= Individual capital =

Economic view of personal talent

Individual capital, the economic view of talent, comprises inalienable or personal traits of persons, tied to their bodies and available only through their own free will, such as skill, creativity, enterprise, courage, capacity for moral example, non-communicable wisdom, invention or empathy, non-transferable personal trust and leadership.

== As recognized in theories of economics ==

Individual talent and initiative were recognized as an intangible quality of persons in economics back to at least Adam Smith. He distinguished it (as "enterprise") from labour which can be coerced and is usually seen as strictly imitative (learned or transmitted, via such means as apprenticeship).

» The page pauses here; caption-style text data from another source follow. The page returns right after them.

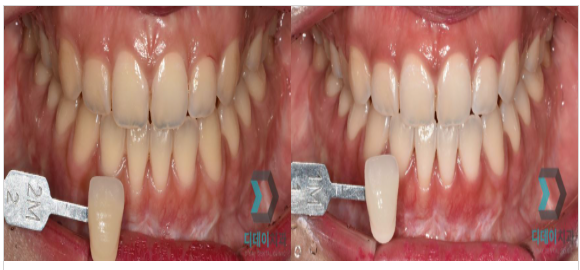 자가치아미백 VS 전문가 치아미백, 차이를 알고 하셔야합니다. 관련 이미지 2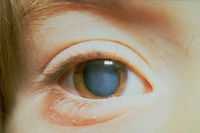 Фармакотерапия катаракты. Физзарядка для глаз. Физиологическая оптика. Рефракция. Аккомодация.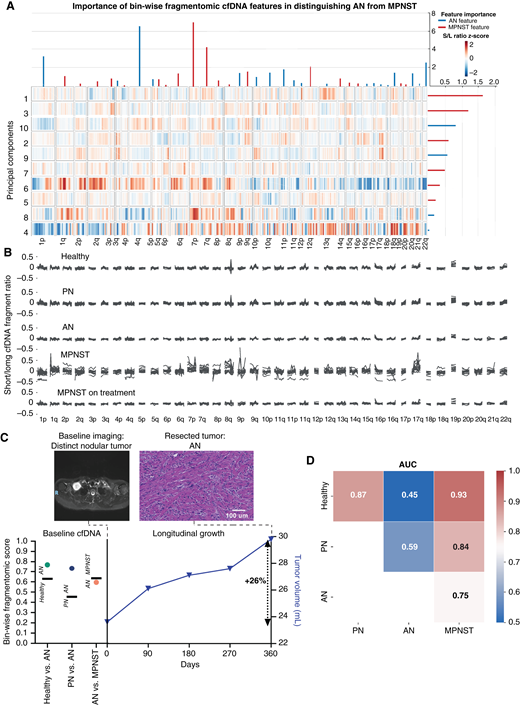 Bin-wise fragmentomic analysis reveals distinct profiles of healthy controls, PN, AN, and MPNST. A, Heatmap of principal component eigenvalues of fragmentation profile features differentiating AN from MPNST. The relative importance of the features is represented at the right (bin-wise short/long ratio changes) and top (chromosomal arm changes) of the heatmap. Red feature importance lines indicate features or principal components associated with MPNST, whereas blue feature importance lines are associated with AN. B, Ratio of short to long fragments in 5-Mb bins across the genome in healthy volunteers and patients with PN, AN, and pretreatment MPNST, and patients receiving treatment for their MPNST. C, Bin-wise fragmentomic scoring and every 3-month surveillance MRI tumor volumes for a patient with AN diagnosed by biopsy, suspicious for malignant transformation given the rate of tumor growth. Fragmentomic scores for healthy vs. AN (green circle), PN vs. AN (purple circle), and AN vs. MPNST (orange circle) along with discrimination thresholds (horizontal black lines) from a paired blood draw are on the left y-axis. Tumor volumes are on the right y-axis, with 26% growth over 1 year indicated. D, OVO ROC AUCs of logistic regression models with 10 repeats of fivefold cross-validation performed over the bin-wise short/long ratio and chromosomal arm z-score data (See “Materials and Methods”). Healthy and disease states included within each comparison are shown along x- and y-axes, with AUC indicated both numerically and by heat level. S/L, short to long.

Marxist economics refers instead to "an individual's social capital—individuals are sources neither of creativity and innovation, nor management skill. A problem with that analysis is that it simply cannot explain the substitution problem and lack of demand that occurs when, for instance, an understudy takes on a leading role, or a second author takes over writing a popular book series. At the very least there must be some conditional, if not firm-specific then "class specific", special ability to command premiums for outstanding personal performance.

Neoclassical economics by contrast refers to "the individual in whom the human capital is ... embedded", which implies a strong association of the individual with the instructional capital they learn from, with little or no social capital influence. This is orthogonal to the Marxist view, but not necessarily opposed.

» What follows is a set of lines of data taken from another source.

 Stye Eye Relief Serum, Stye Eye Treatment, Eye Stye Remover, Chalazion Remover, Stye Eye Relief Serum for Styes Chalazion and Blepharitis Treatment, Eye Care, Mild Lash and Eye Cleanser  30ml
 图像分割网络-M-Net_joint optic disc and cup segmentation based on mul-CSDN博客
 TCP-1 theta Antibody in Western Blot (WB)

Human development theory reflects both distinctions: it sees labour as the yield of individual capital in the same way that neoclassical macro-economics sees financial capital as the yield of the looser idea of human capital. But the rest problem and social welfare function selection, as well as the subjective factors in behavioral finance, has led to a closer analysis of factors of production. In effect, the financial architecture is no longer trusted as an arbiter of the value of life as it was in neoclassical economics. Money is not seen as values-neutral, but as embodying a set of larger social choices about money supply rules, made by measuring well-being of whole populations.

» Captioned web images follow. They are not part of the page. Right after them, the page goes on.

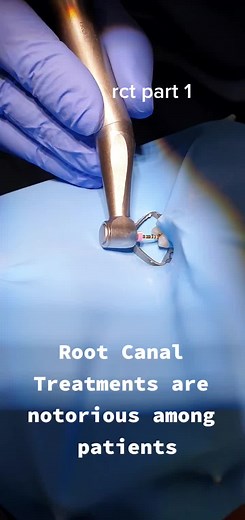 #dental#abscess #toothabscess #dentalschool #dentalstudent #dentista #rootcanaltreatment#rct#protaper#apexlocator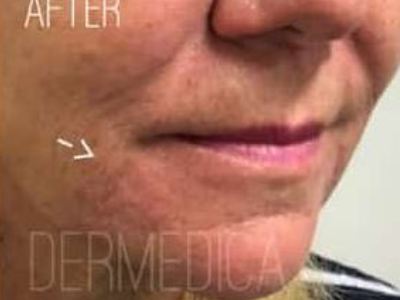 Nonsurgical Wrinkle treatment of a patient in Perth after.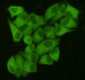 Anti-Fatty Acid Synthase Antibody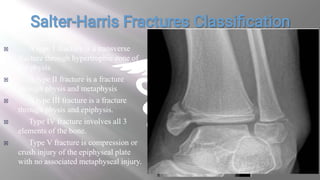  A type 1 fracture is a transverse
fracture through hypertrophic zone of
the physis
 A type II fracture is a fracture
through physis and metaphysis
 A type III fracture is a fracture
through physis and epiphysis.
 Type IV fracture involves all 3
elements of the bone.
 Type V fracture is compression or
crush injury of the epiphyseal plate
with no associated metaphyseal injury.
 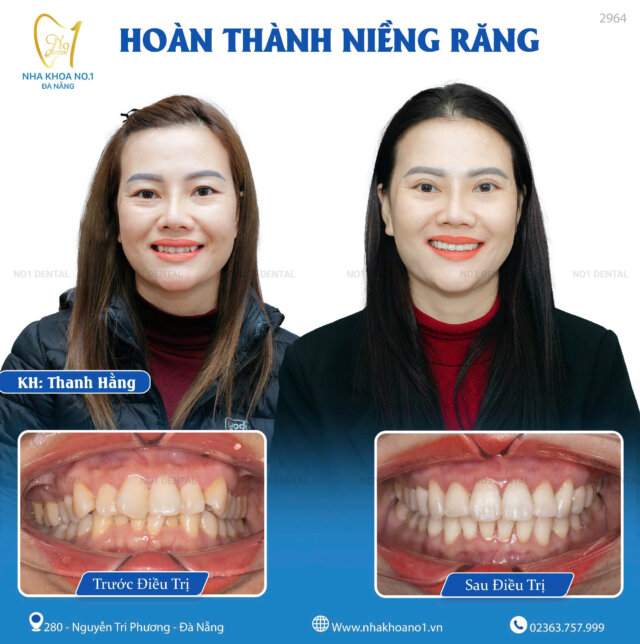 Hàng ngàn khách hàng đang đeo niềng và tháo niềng thành công hàng trăm ca khó tại Nha khoa No1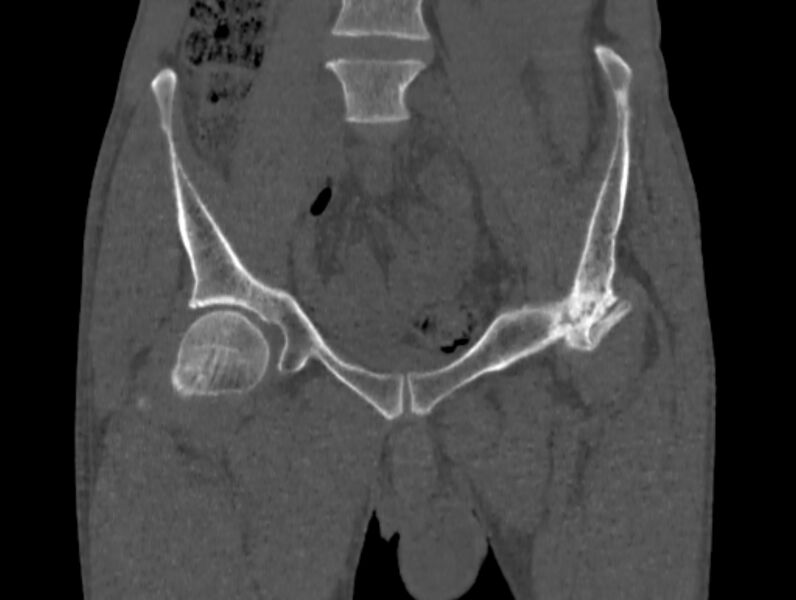 File:Avascular necrosis of the left hip (Radiopaedia 75068-86125 Coronal bone window 6).jpg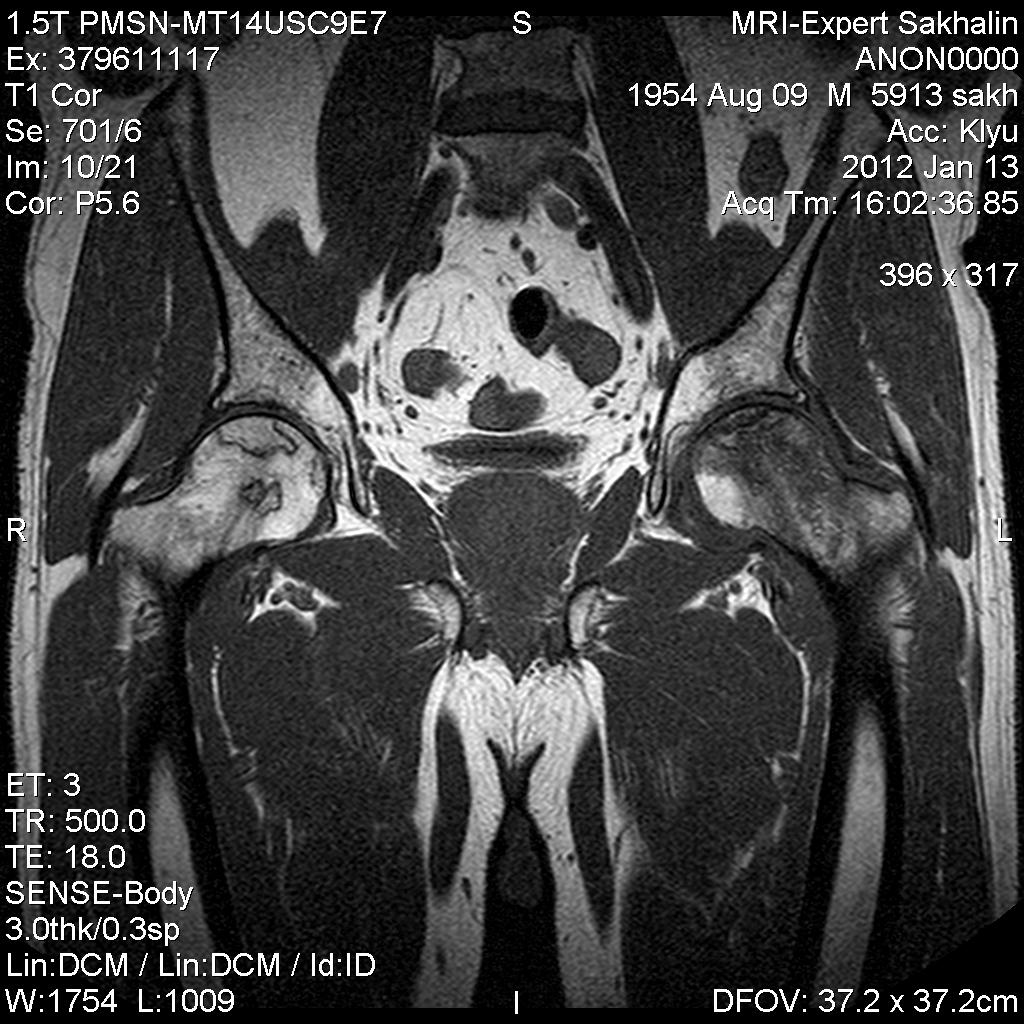 Как делают мрт тазобедренного сустава взрослым фото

== Versus "human", "firm-specific", "individual social" ==

While conflated in many analyses with human capital, the latter term includes social capital (human relationships) and instructional capital (abstract texts and training materials and so on) that are not tied to any one person, do not die with them or leave employment with them, and therefore cannot be equated with talent alone. In intangibles measurement, value creation and value reporting metrics require all assets with such different characteristics to be categorized as different capital assets, so the more exact reference to the individual person is preferred.

Fusions of terminology are common. Sociological analysts refer to "individual-level elements of social capital" or "an individual's social capital" or just "individual social capital" while economic analysts often use the phrase firm-specific human capital. In either case the clearly includes individual capital but also some "activity-", "community-" or "firm-specific" social capital (community trust) and instructional capital (shareable knowledge or skills). This is easy to measure: its yield is your salary in your current job.

To the degree this is consistent if you take other work nearby, this opens the questions of what is not "firm-specific" and whether a nation is just a bigger "firm": Some analyses see political capital, or just "influence" or "trust of professionals" as a full style of capital of its own. Some ethicists, most clearly Jane Jacobs, see this as simple corruption. Nonetheless, corruption clearly has a cash value, involves some creativity to arrange, and is a decision factor. It is a skill like any other.

== Versus "intellectual capital" ==

Perhaps because of this, not all theorists recognize individual capital as being as essential as labour, or distinct from social or political influence, or from instructional capacity. These theorists often refer to "intellectual capital", which more properly describes a debate or locus of complexity that arises when individuals take key instructional roles. Some refer to celebrity as another fusion, when individuals take key social roles.

However, a great many celebrities are clearly not "intellectual" achievers nor notable for any cognitive or analytic powers, e.g. Kim Kardashian, professional sports figures or other athletes. While they may through sheer exposure become involved in causes or controversies (as Paris Hilton did in the US presidential election, 2008) it's clearly not correct to label all individually unique talent or economic value as being an "intellectual" asset.

This failure to distinguish individual's objectively observed economic value (the power to promote or publicize products, draw attention to causes, etc.) from the "intellectual" powers is probably an elitist bias. Clearly, there are some individuals, including non-humans such as a racehorse, which have economic value unique to their individual body and being that cannot be captured or defined as an "intellectual" asset nor as a set of "social" relationships (because horses do not socialize in the sense humans do). Where slavery exists or has existed, there is clearly a value put on living bodies separate from their instructional or social selves.

Thus for analyzing historical or criminal economic activities, or even professional sports, the instructional capital vs. individual capital vs. social capital distinction is essential.